Когда через четыре года Горбунов вернулся из колонии, я впервые по его совету попробовал курить “план” — легкий наркотик, набиваемый вместо табака в гильзу “Беломорканала”.
Все это было, но было и другое. Мы с Гуревичем и Распоповым (иногда к нам прибивался одноклассник Сережа Вескер) почти каждый вечер гуляли по бульварам и набережным, ходили в читалку музея Маяковского в Гендриковом переулке, где безотказно выдавали книги поэтов Серебряного века, репетировали с девочками из соседней женской школы “Гимназистов” К. Тренева и бредили стихами, особенно Блоком.
Шел тысяча девятьсот пятьдесят четвертый год, год любви и надежды.
Полковник в отставке Борис Иосифович Кельбер с неизменной сигаретой в длинном мундштуке и с безукоризненным маникюром лениво и слегка надменно посматривал на наши стриженые головы. Его синий костюм, наподобие френча, был украшен орденскими планками. Разумеется, он всегда был в белой рубашке и, конечно, при галстуке. Что неудивительно, ибо в наше время в школе без галстука мог появляться только один педагог — учитель физкультуры Сергей Михайлович Захаров, мастер спорта по гимнастике.
Каким ветром занесло к нам блистательного Б.И. Кельбера, совершенно неведомо.
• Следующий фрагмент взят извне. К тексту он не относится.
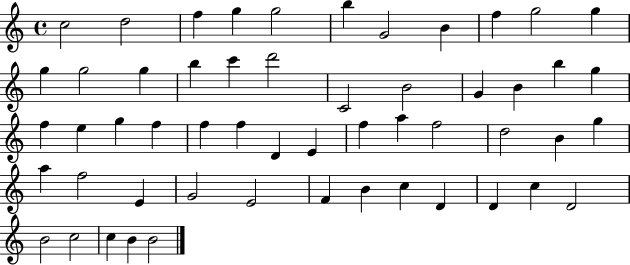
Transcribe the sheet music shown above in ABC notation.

X:1
T:Untitled
M:4/4
L:1/4
K:C
c2 d2 f g g2 b G2 B f g2 g g g2 g b c' d'2 C2 B2 G B b g f e g f f f D E f a f2 d2 B g a f2 E G2 E2 F B c D D c D2 B2 c2 c B B2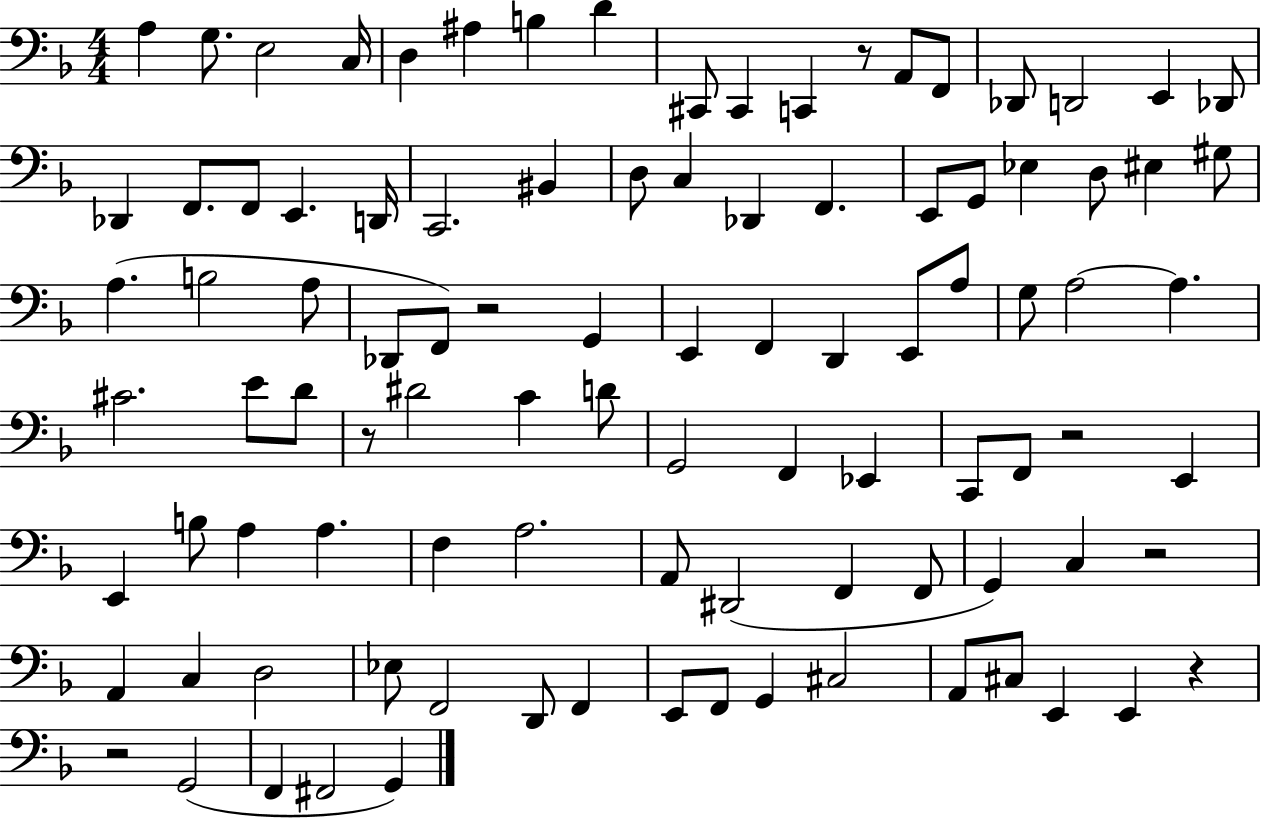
{
  \clef bass
  \numericTimeSignature
  \time 4/4
  \key f \major
  a4 g8. e2 c16 | d4 ais4 b4 d'4 | cis,8 cis,4 c,4 r8 a,8 f,8 | des,8 d,2 e,4 des,8 | \break des,4 f,8. f,8 e,4. d,16 | c,2. bis,4 | d8 c4 des,4 f,4. | e,8 g,8 ees4 d8 eis4 gis8 | \break a4.( b2 a8 | des,8 f,8) r2 g,4 | e,4 f,4 d,4 e,8 a8 | g8 a2~~ a4. | \break cis'2. e'8 d'8 | r8 dis'2 c'4 d'8 | g,2 f,4 ees,4 | c,8 f,8 r2 e,4 | \break e,4 b8 a4 a4. | f4 a2. | a,8 dis,2( f,4 f,8 | g,4) c4 r2 | \break a,4 c4 d2 | ees8 f,2 d,8 f,4 | e,8 f,8 g,4 cis2 | a,8 cis8 e,4 e,4 r4 | \break r2 g,2( | f,4 fis,2 g,4) | \bar "|."
}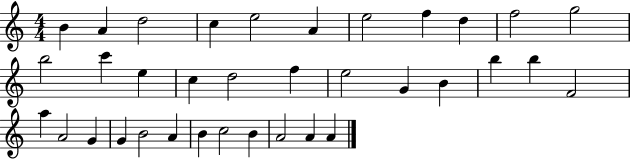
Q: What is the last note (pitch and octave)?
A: A4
Он совсем недавно служил военным переводчиком, был контужен в Германии, присутствовал в Потсдаме при подписании капитуляции и вдруг опустился до внедрения в наши тупые мозги немецких глаголов. По каким-то деталям в разговоре, теперь, задним числом, я понял, что в его судьбу вмешалась борьба с космополитизмом, где жертвами были и достаточно мелкие сошки. Во всяком случае, всегда вспоминаю его с благодарностью, ибо он, сам того не зная, привил мне любовь к немецкоязычной поэзии. Уже в университете я перевел несколько стихотворений Гейне и, заглянув в Левика, нахально решил, что у меня не хуже.
Так до сих пор и звучит внутри: “Mein Tag war heiter, glьcklich meine Nacht”.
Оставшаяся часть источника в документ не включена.